The risk of a recession is another major factor that has to be taken into consideration, as the central bank has to take steps to try and revive a flagging economy and reduce the risk of the many issues that come with a recession. However, this is a tricky balancing act, as we have seen lately. With high inflation and the nation braced for a prolonged recession, it can be challenging to determine which path the central bank will take.
Another factor considered is unemployment levels. When employment levels are robust, the chances of interest rate increases go up. The same applies when wage growth is strong, which we have seen over the past year.

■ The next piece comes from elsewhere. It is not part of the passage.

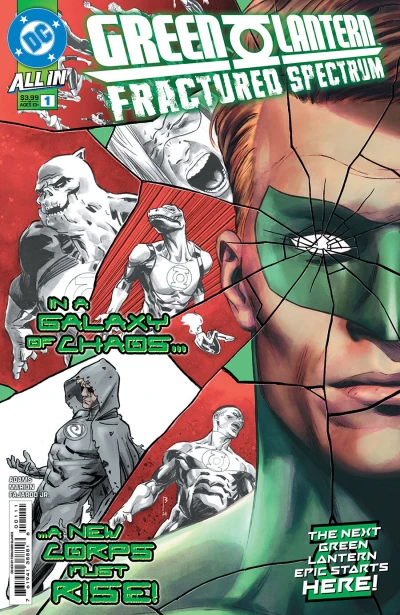 Green Lantern: Fractured Spectrum (2025) - Series 
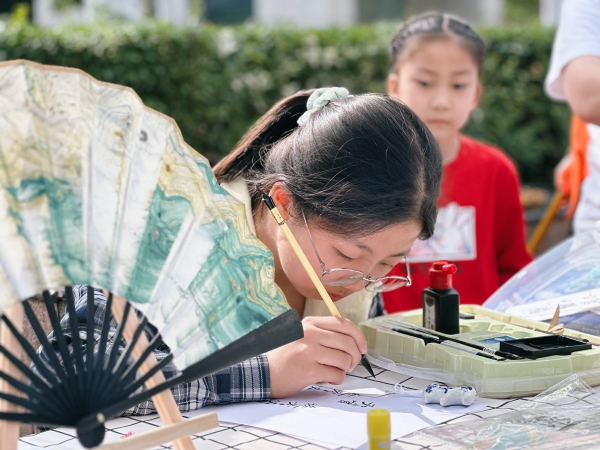 活動(dòng)現(xiàn)場(chǎng)。共青團(tuán)巫溪縣委供圖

An additional thing that can indicate whether interest rates are likely to fall, rise, or remain stable is the economic growth forecast. Economic projections from the BoE at the end of last year were bleak, with expectations of a long and deep recession. However, the central bank has since said that the recession will likely be less severe than forecast initially.
More misery for homeowners and borrowers?
So, is there more misery ahead for homeowners and borrowers? Based on the current interest rate predictions for 2023, there certainly could be some shocks coming our way over the first half of this year. However, if the predictions are correct, things might stabilise, and interest rates may even come down later in the year.
However, if this happens, rate decreases will likely come slowly, meaning homeowners and borrowers will see no immediate respite. The days of historic lows appear to have become a thing of the past and are likely to remain so for years, according to predictions. With expectations that a drop to 3.5% could take five years once interest rates peak, borrowers could wait a long time to see interest rates drop to their most recent lows.